### Exercise goal
With the pictures left out, print exactly the lines below that run from the one containing "Diamond Earrings E31329" through the one containing "Buy Used Toyota Hilux Green Car in Addis–Ababa in Ethiopia Buy".

### Provided records
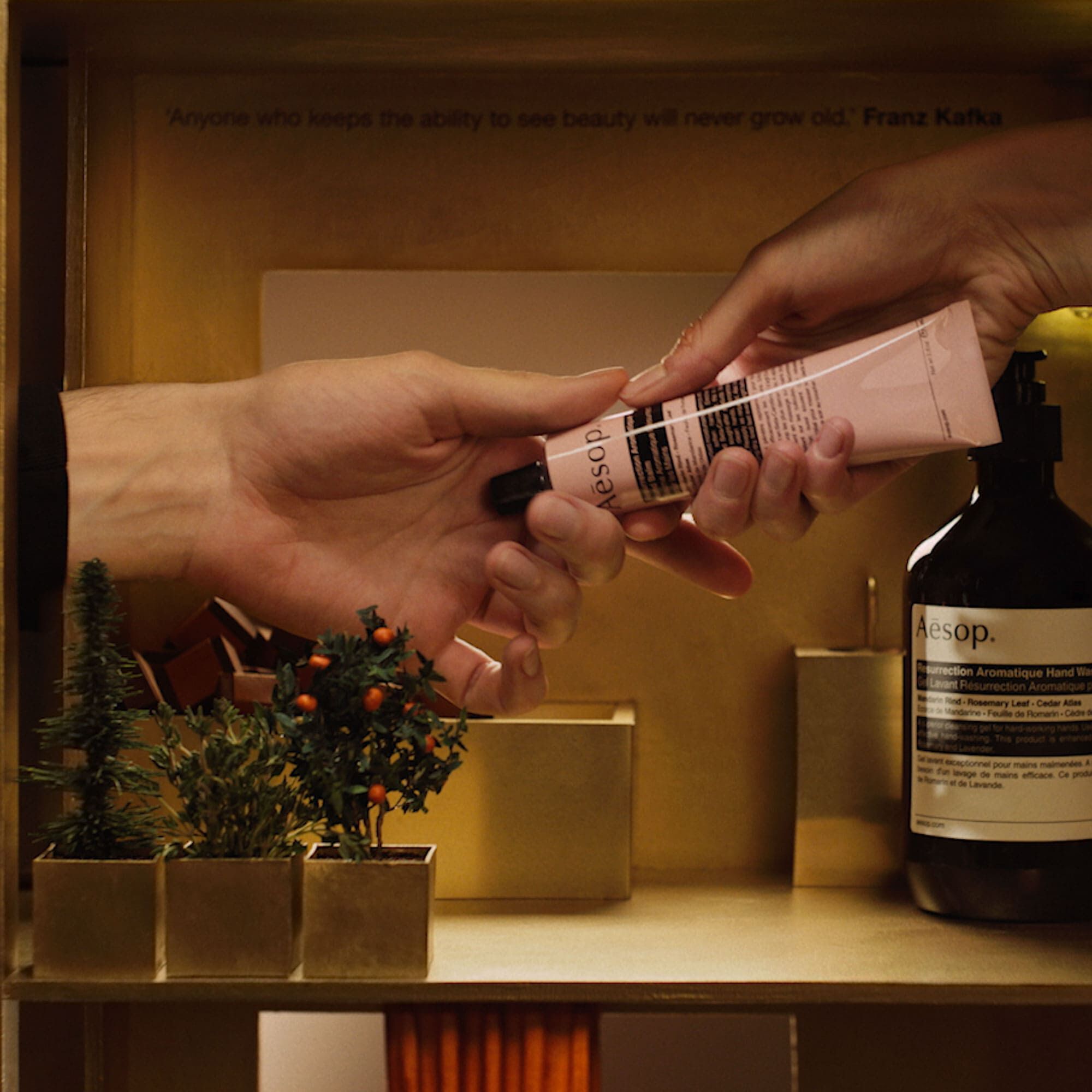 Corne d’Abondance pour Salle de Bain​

---

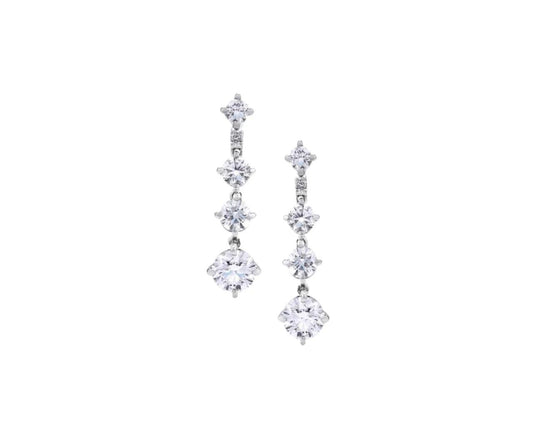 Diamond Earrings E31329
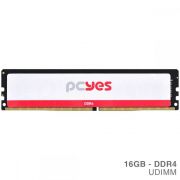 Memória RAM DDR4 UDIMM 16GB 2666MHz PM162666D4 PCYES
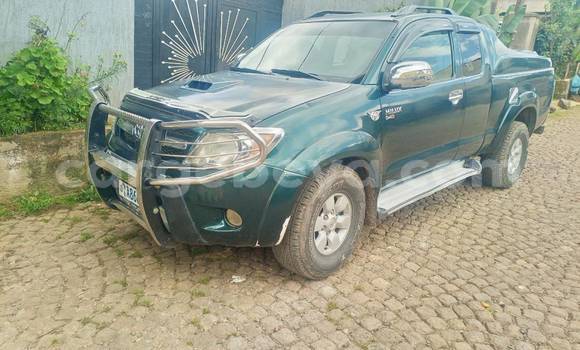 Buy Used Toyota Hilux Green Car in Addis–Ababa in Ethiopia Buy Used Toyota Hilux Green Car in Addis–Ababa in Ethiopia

### Result for this task
 Diamond Earrings E31329
 Memória RAM DDR4 UDIMM 16GB 2666MHz PM162666D4 PCYES
 Buy Used Toyota Hilux Green Car in Addis–Ababa in Ethiopia Buy Used Toyota Hilux Green Car in Addis–Ababa in Ethiopia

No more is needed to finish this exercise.